The First 5-year plan is based on which model?
Answer: Harrod Domer Model
Explanation:
India's First Five-Year Plan (1951-1956) was indeed based on the Harrod-Domar Model, which was a significant economic growth theory developed by economists Roy Harrod and Evsey Domar. This model became the foundation for India's initial planning strategy after independence.
The Harrod-Domar Model emphasizes the crucial relationship between savings, investment, and economic growth. According to this model, economic growth depends on two key factors: the savings rate of the economy and the capital-output ratio. The model suggests that higher savings lead to more investment, which in turn generates higher economic growth and employment opportunities.
When India adopted this model for its First Five-Year Plan, the primary focus was on increasing the country's savings and investment rates. The plan aimed to achieve a balanced economic development by investing heavily in both agriculture and industry. The government believed that by following this model, India could achieve sustainable economic growth and reduce poverty.

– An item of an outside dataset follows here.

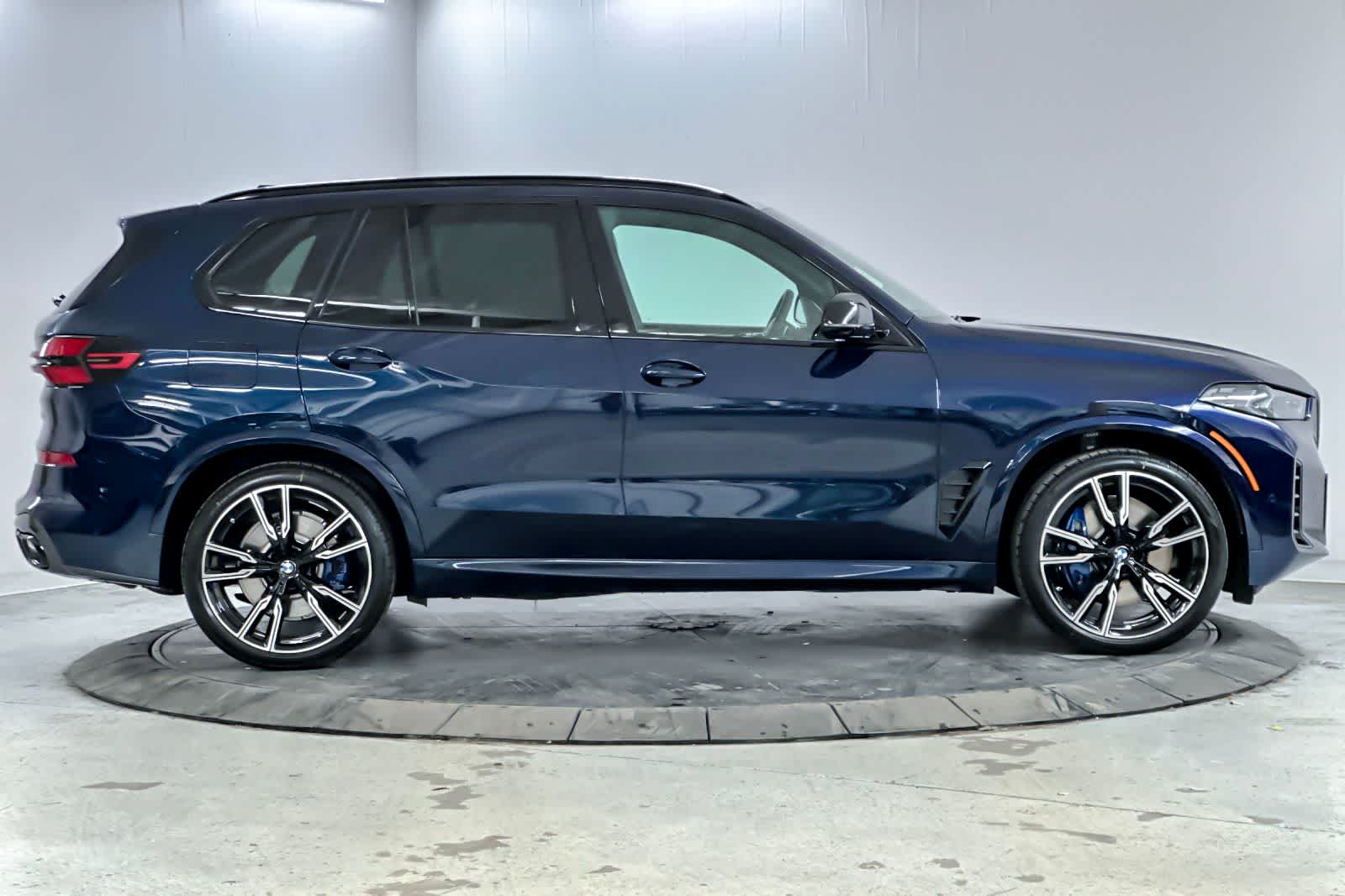 Thumbnail: 2026 BMW X5 - 8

The First Five-Year Plan allocated significant resources to agriculture, irrigation, and power generation, which were considered essential for building a strong economic foundation. About 44.6% of the total plan outlay was dedicated to agriculture and irrigation, while 8.4% was allocated to transport and communications, and 7.2% to industry and mining.
The success of this approach was evident as the First Five-Year Plan achieved most of its targets. The plan aimed for a 2.1% annual growth rate but actually achieved around 3.6%. This success encouraged India to continue with planned economic development, though subsequent plans adopted different models and approaches based on changing economic priorities and global economic theories.